#ichrettedeinleben: Petition sammelt mehr als 50.000 Stimmen – Politik signalisiert Unterstützung

(21.10.2021) Mehr als 54.000 Menschen haben die Petition #ichrettedeinleben, die sich für die bundesweit verpflichtende Einführung von Wiederbelebungsunterricht einsetzt, bereits unterzeichnet. Damit ist der Weg frei: Das Anliegen wird von den Initiatoren in den nächsten Wochen dem Petitionsausschuss des Bundestages überreicht.
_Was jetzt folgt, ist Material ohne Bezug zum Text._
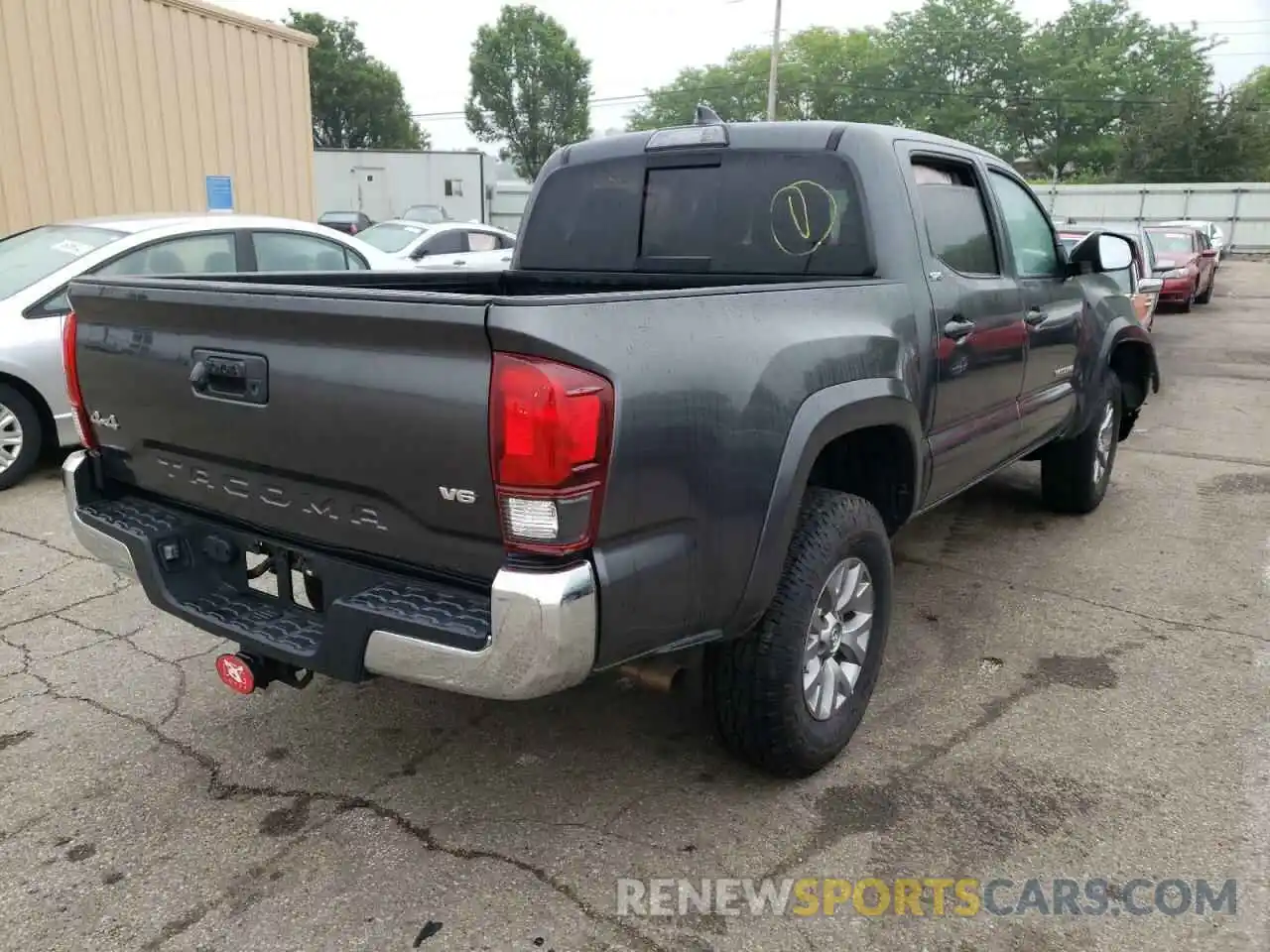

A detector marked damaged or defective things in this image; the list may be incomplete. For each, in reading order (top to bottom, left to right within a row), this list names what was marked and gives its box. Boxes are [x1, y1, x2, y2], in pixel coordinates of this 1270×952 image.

Bis dahin sind schon neue Ziele gesetzt und die Kampagne läuft weiter: 100.000 Unterschriften sollen es mindestens werden. Denn die Politik soll den so dokumentierten Bürgerwillen jetzt auch wirklich in jedem Bundesland umsetzen. Die zweite Kampagnenwelle ist schon geplant und rollt im November aus.
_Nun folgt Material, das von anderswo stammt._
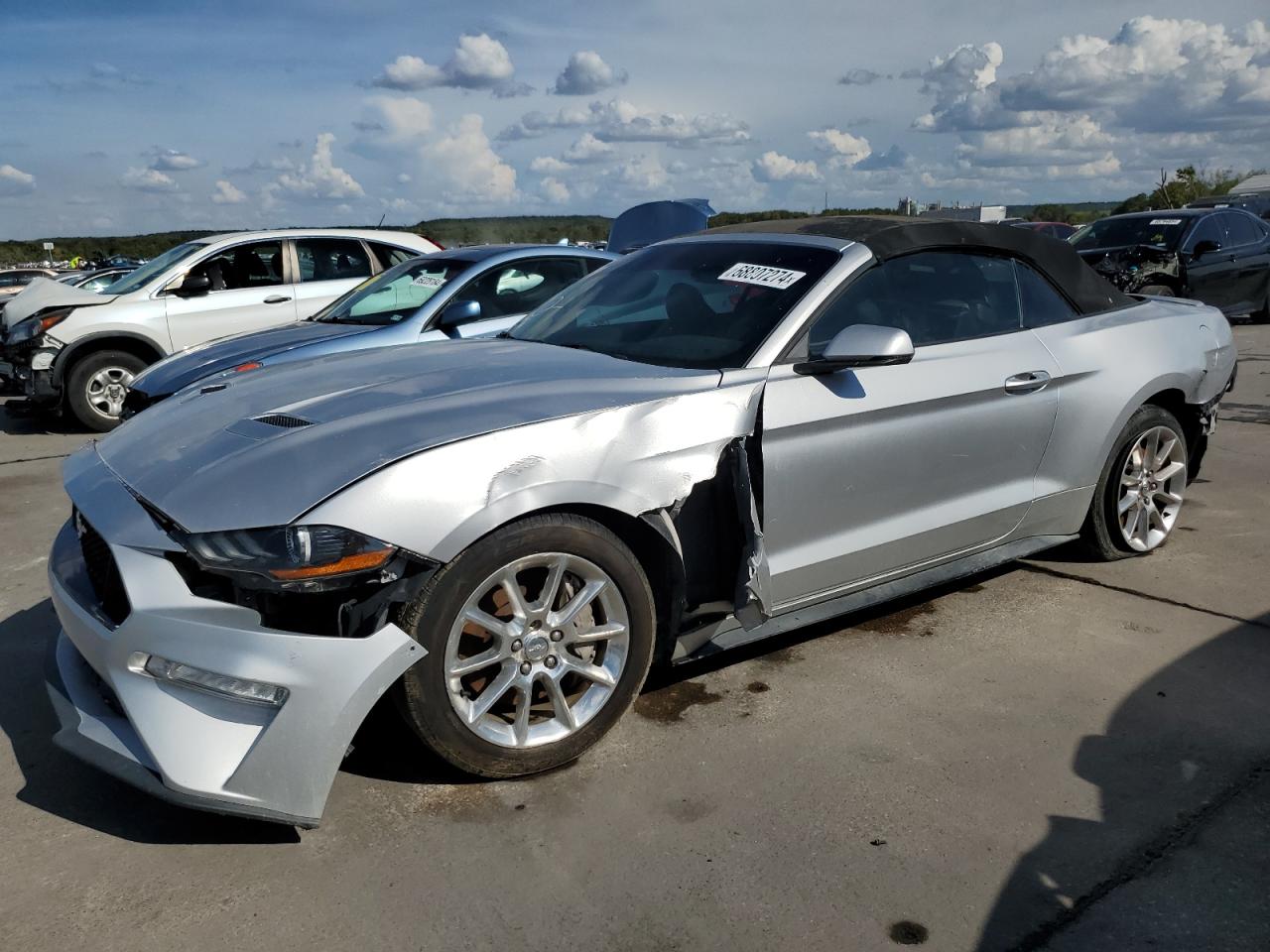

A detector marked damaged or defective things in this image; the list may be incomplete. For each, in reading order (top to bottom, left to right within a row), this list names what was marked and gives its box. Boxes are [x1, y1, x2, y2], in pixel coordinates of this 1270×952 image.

„Gemeinsam haben wir in den vergangenen sechs Wochen bereits mehr als drei Millionen Menschen erreicht und mobilisiert!“, freut sich Dr. med. Carola Holzner, Notärztin aus Duisburg. Zusammen mit Professor Bernd Böttiger, dem Vorstandsvorsitzenden des Deutschen Rates für Wiederbelebung – German Resuscitation Council (GRC), startete die als Doc Caro bekannte Influencerin die Kampagne Mitte September. „Die 50.000 Stimmen öffnen uns die Türen des Petitionsausschusses im Deutschen Bundestag – ein wichtiger Meilenstein!“, ist auch Böttiger begeistert. „Wir sind überwältigt von so viel Zuspruch und positiver Energie, die alle Beteiligten, Förderer und Unterstützer an den Tag legen!“

„Wir lassen nicht locker, bis der Wiederbelebungsunterricht in jedem Bundesland umgesetzt ist!“

In einem nächsten Schritt werden sich die Initiatoren Anfang November direkt an Politiker der Länder wenden. Schließlich ist Bildungspolitik Ländersache – und dort muss der Reanimationsunterricht im Bildungsplan manifestiert werden. „Wir haben uns das Versprechen gegeben, jetzt nicht mehr locker zu lassen, bis in jedem Bundesland in der Schule ab der siebten Klasse an zwei Stunden im Jahr gezeigt wird, wie einfach es ist, einen Menschen wiederzubeleben“, konstatieren Holzner und Böttiger. Sie sind fest entschlossen.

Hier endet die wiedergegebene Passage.